Finalmente llegamos al punto acordado para el descanso, llevamos mas de 10 horas haciendo ejercicio, es una alberca, la sombra de un guayabo nos acoge mientras metemos los pies en el agua fría, interrumpimos el camino de las hormigas arrieras en su trasteo de hojas, de proporciones similares a la distancia de nuestra carrera extrema. Hay que continuar, el ánimo y el espíritu del equipo está intacto, respiro profundo y tomo la bici para enfrentar la última subida... según Camilo...

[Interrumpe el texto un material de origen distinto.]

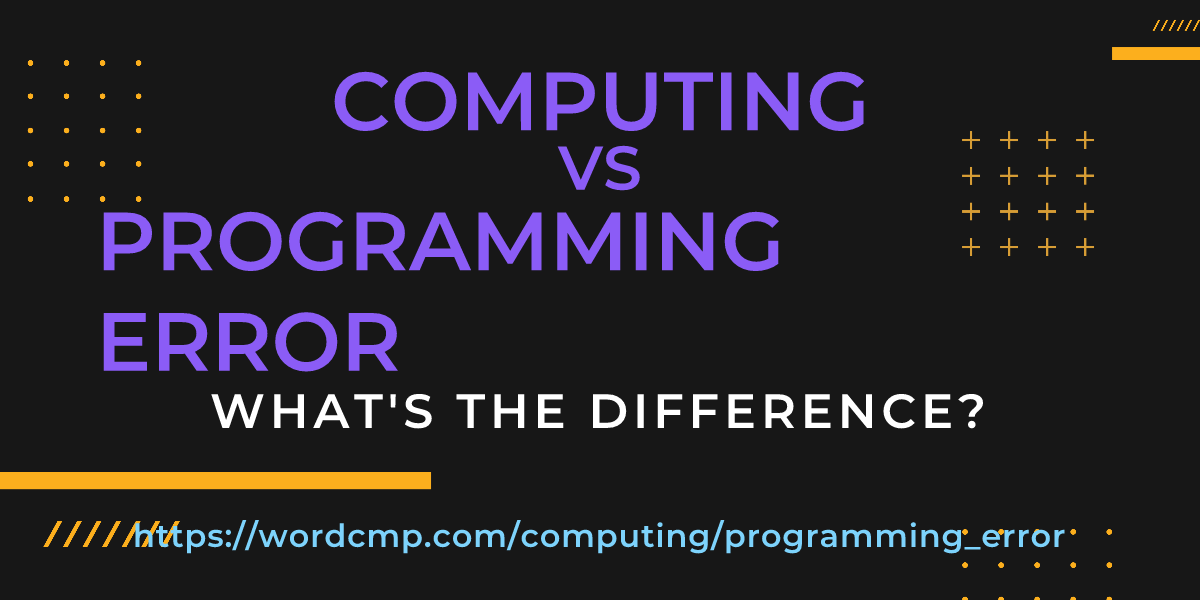 Difference between computing and programming error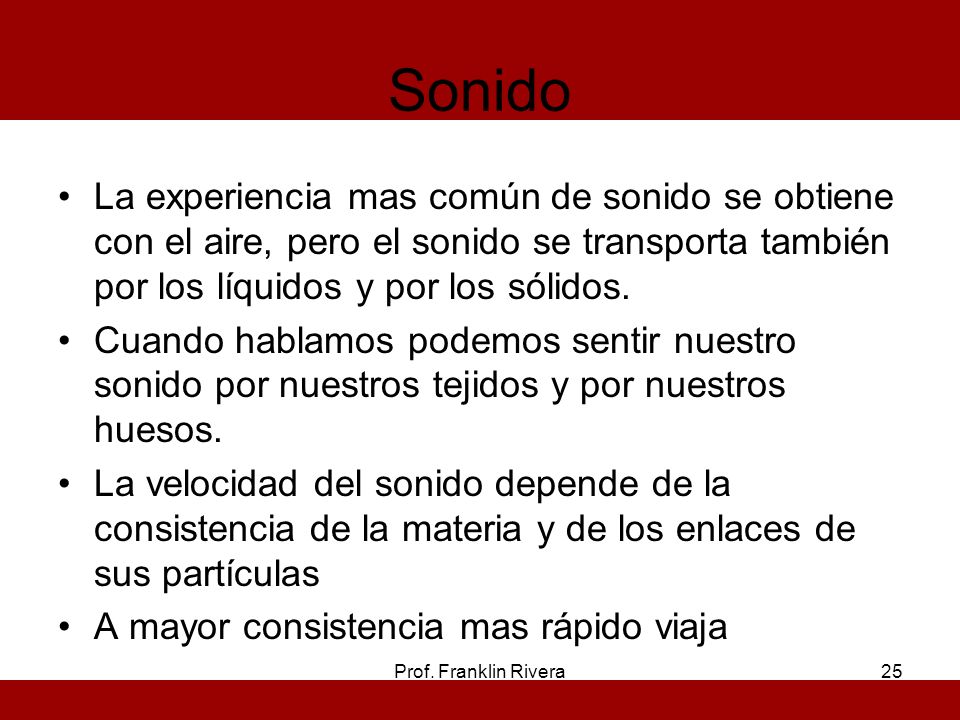 Sonido La experiencia mas común de sonido se obtiene con el aire, pero el sonido se transporta también por los líquidos y por los sólidos.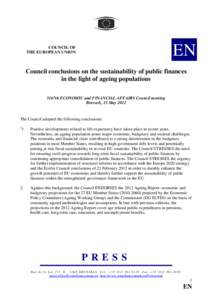 Public economics / Demographic economics / Demographics / Population ageing / Human geography / Fiscal sustainability / Directorate-General for Economic and Financial Affairs / Ageing / Health care reform / Population / Demography / Aging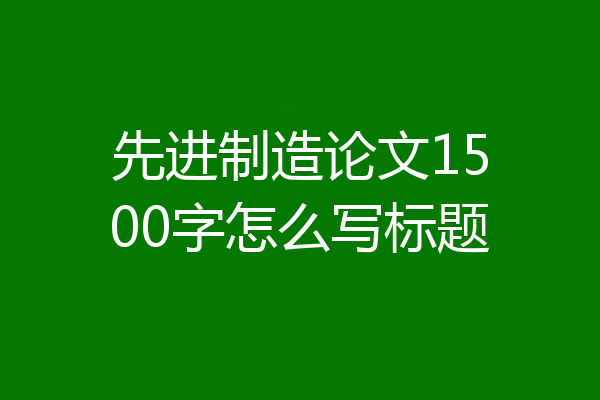 先进制造论文1500字怎么写标题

2005 Kilómetros, quedo muy cerca el cuenta kilómetros, es lo primero que veo, tengo la cabeza en el piso apoyada sobre el casco, me raspe un poco el brazo y la cadera, los guantes evitaron el consabido raspón en las manos... me quedo en el piso mientras paso el susto, desde que me rompí la muñeca derecha jugando fútbol me aterra la idea de pasar por el proceso de la fractura–recuperación–fisioterapia. Cesar se acerca para ver si estoy bien, Camilo y Juan Pablo también regresan para hacer la evaluación ... nada esta roto, nada esta torcido ... un par de mejoras no hacen daño para fortalecer el carácter, me limpio con agua la cara y las raspaduras, respiro profundo y sigo a mi equipo desde la seguridad de la retaguardia.

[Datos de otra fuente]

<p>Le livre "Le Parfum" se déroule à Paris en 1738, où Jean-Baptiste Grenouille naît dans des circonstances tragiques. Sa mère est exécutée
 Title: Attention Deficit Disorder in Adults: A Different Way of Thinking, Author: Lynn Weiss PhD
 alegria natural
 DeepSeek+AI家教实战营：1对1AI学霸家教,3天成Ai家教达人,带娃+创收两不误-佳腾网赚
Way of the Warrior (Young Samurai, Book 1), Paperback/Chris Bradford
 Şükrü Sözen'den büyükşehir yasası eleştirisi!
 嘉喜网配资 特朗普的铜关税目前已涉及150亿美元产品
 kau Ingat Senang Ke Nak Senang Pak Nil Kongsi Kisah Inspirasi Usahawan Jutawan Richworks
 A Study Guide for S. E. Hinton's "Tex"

Seis fotos mentales, seis instantes detenidos en el tiempo, seis párrafos, eso es lo que queda de un experimento que duro cerca de 15 horas en ejecución y varios meses de preparación. Dos meses después estoy escribiendo este articulo y me acuerdo de cada uno como si hubiera pasado hace 5 minutos, hay gente que en toda su existencia no tiene uno solo de estos en su haber, yo los guardaré en mi memoria como los tesoros que son, de la misma forma que guardo en mi corazón a todos los que participaron en esta aventura.